I don't know anything. but, I will point out a few things to look into.
Eventually I found Hunter Goatley's v 1.3 of Paul
Nankervis's ODS2 at
http://vms.process.com/scripts/fileserv/fileserv.com?ODS2 . This program
"Sector 1 read failed 87
PHYIO Error 500 Block 1 Length 512 (ASPI: 0 0 0)
Mount failed with 500"
Chuck G., does anyone know...
1. What that error means?
so far, only that it failed on what was probably the
first sector that it
tried. "87" is probably not meningful to anybody except VMS
"PHYIO" MIGHT mean physical I/O
"500" also isn't applicable to other systems.
2. If it would make a difference that I'm
running the Win32 exe in Windows 98, rather than NT, 2000, XP etc.?
It is more likely to be successful in 98 ("real mode")

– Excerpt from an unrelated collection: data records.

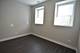 1730 W Greenleaf Unit 103, Chicago, IL 60626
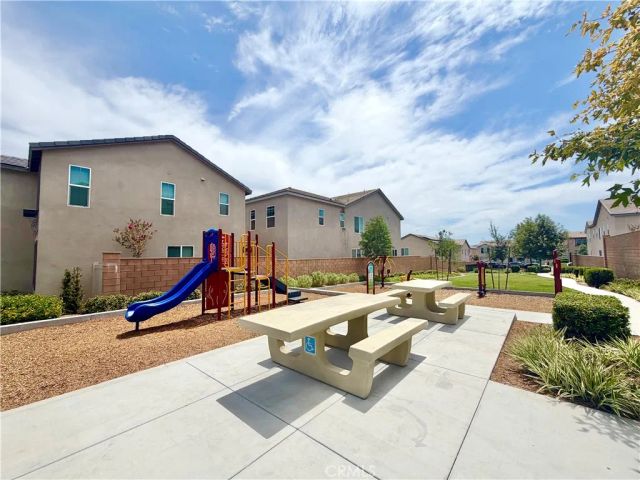 970 Helena Ridge, Lake Elsinore, CA 92530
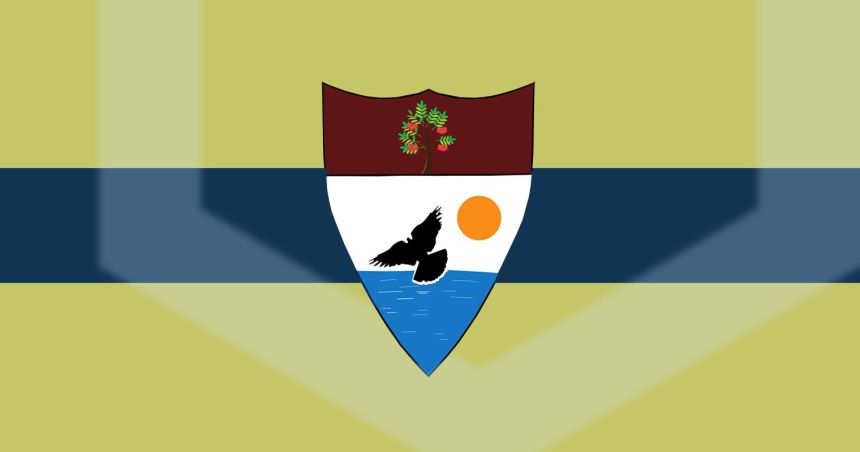 liberland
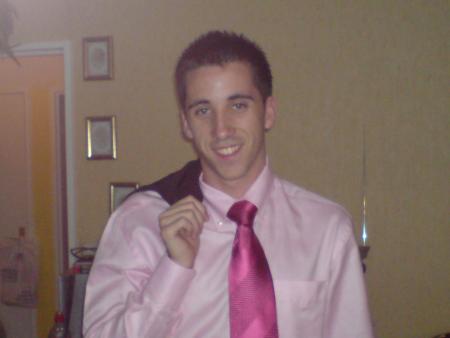 luii <3 </3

3. I'm not sure ODS2 was built with 8 inch disks
in mind?
No idea. But, other than NEC PC98, machines generally do NOT use the same
format specs on 8:, 5.25, 3.5
Would it make a difference?
absolutely.
If there are more than one format available, then the read program might
1) ASSUME one of the lot
2) have options to choose
3) attempt to detect what it sees.
Besides ODS-2, what about ODS-1 and ODS-5?
Find somebody who knows VMS, and find out what the options were.
CP/M disks in the 8 inch drive can be accessed and
read/written to under
MS-DOS by the machine I have the drive hooked up to, so I don't think
it's a hardware issue.
Does your system handle single density? (some FDCs do;
some don't)
4. How likely is it that disks from a 1985 VAX is in
some weird
proprietary format OTHER than VMS?
quite possible. For example, they might have, at some point in the past,
used a program under VMS to copy their data to some other format that they
thought might be handy, such as SSSD CP/M!
Using IMD, or other tools, can you determine the density, bytes per
sector, and sectors per track of the disks (try at least 2)
Also, is the data recorded single sided, or both sides?
If you can read it with IMD, then you can start wading through content
within sectors to get more clues about what's there.